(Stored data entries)
★ ★ ★ ★ ★ ★ ★

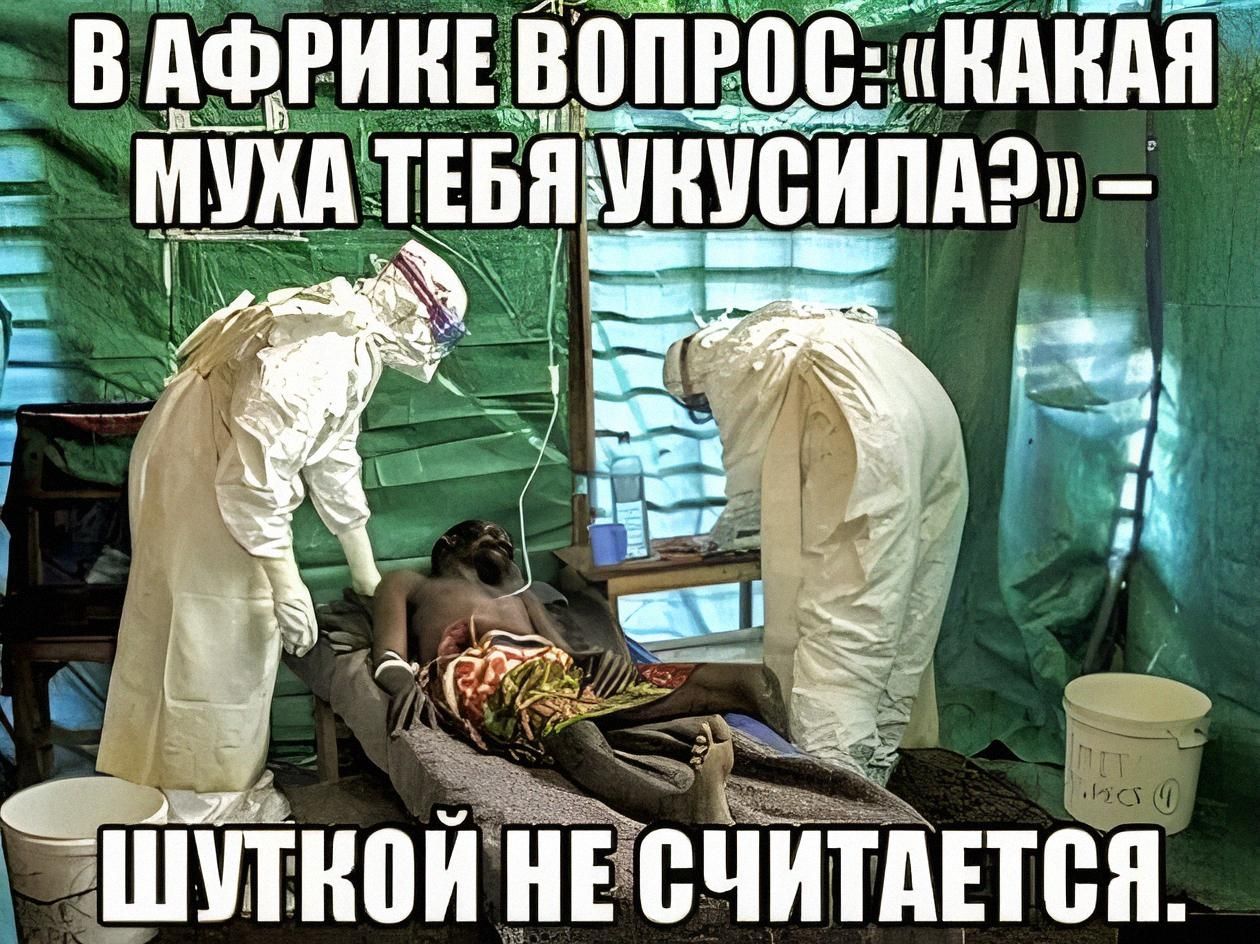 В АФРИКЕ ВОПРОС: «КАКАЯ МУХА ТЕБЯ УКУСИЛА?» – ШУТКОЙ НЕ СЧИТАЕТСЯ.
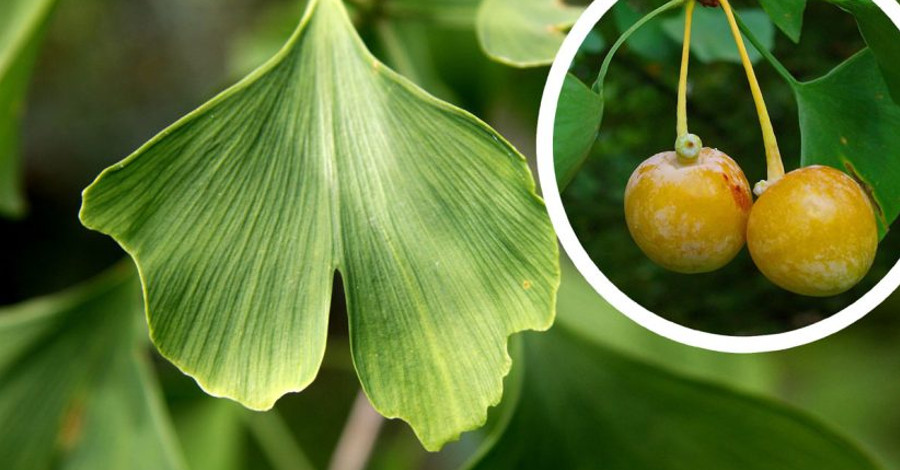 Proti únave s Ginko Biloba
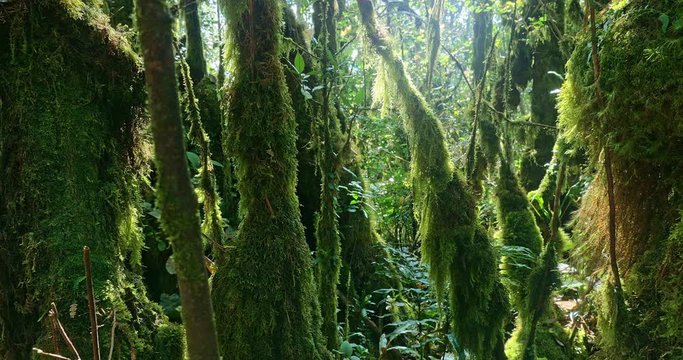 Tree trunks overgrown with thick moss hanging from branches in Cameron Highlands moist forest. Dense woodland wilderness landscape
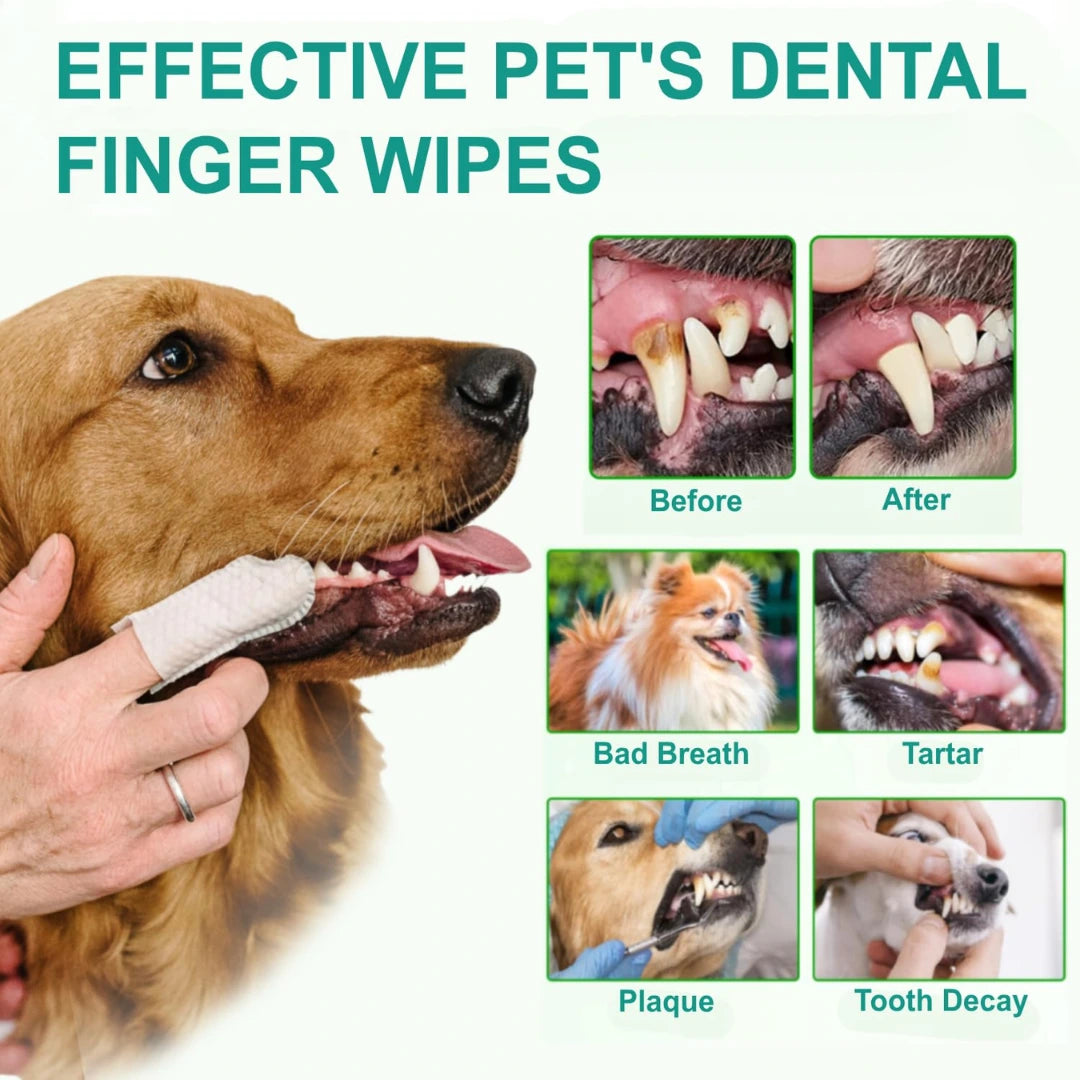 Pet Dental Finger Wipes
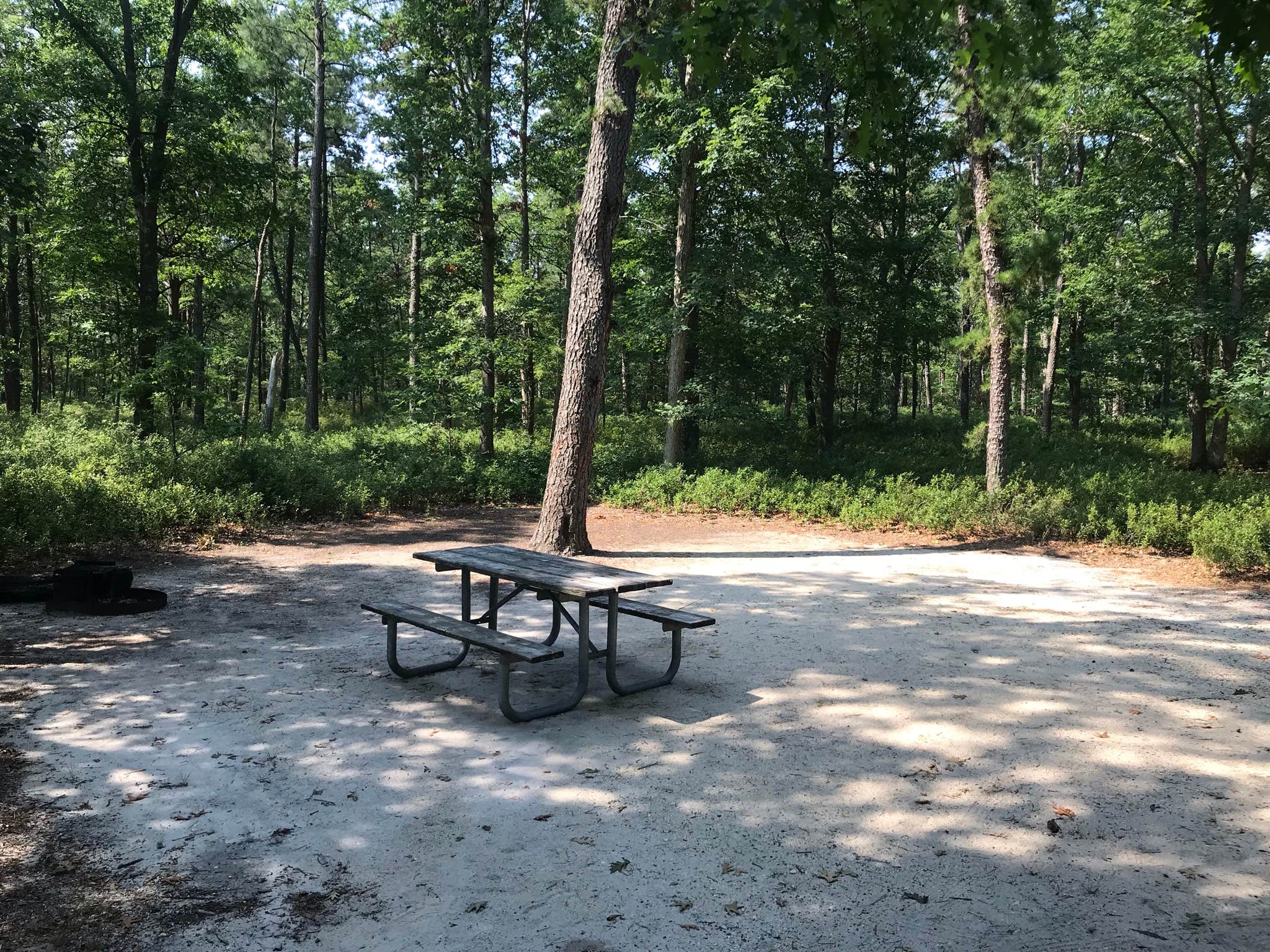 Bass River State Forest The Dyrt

★ ★ ★ ★ ★ ★ ★

Problem to work on
Line for line, restate the data above and omit every picture.

Solution to the exercise
 В АФРИКЕ ВОПРОС: «КАКАЯ МУХА ТЕБЯ УКУСИЛА?» – ШУТКОЙ НЕ СЧИТАЕТСЯ.
 Proti únave s Ginko Biloba
 Tree trunks overgrown with thick moss hanging from branches in Cameron Highlands moist forest. Dense woodland wilderness landscape
 Pet Dental Finger Wipes
 Bass River State Forest The Dyrt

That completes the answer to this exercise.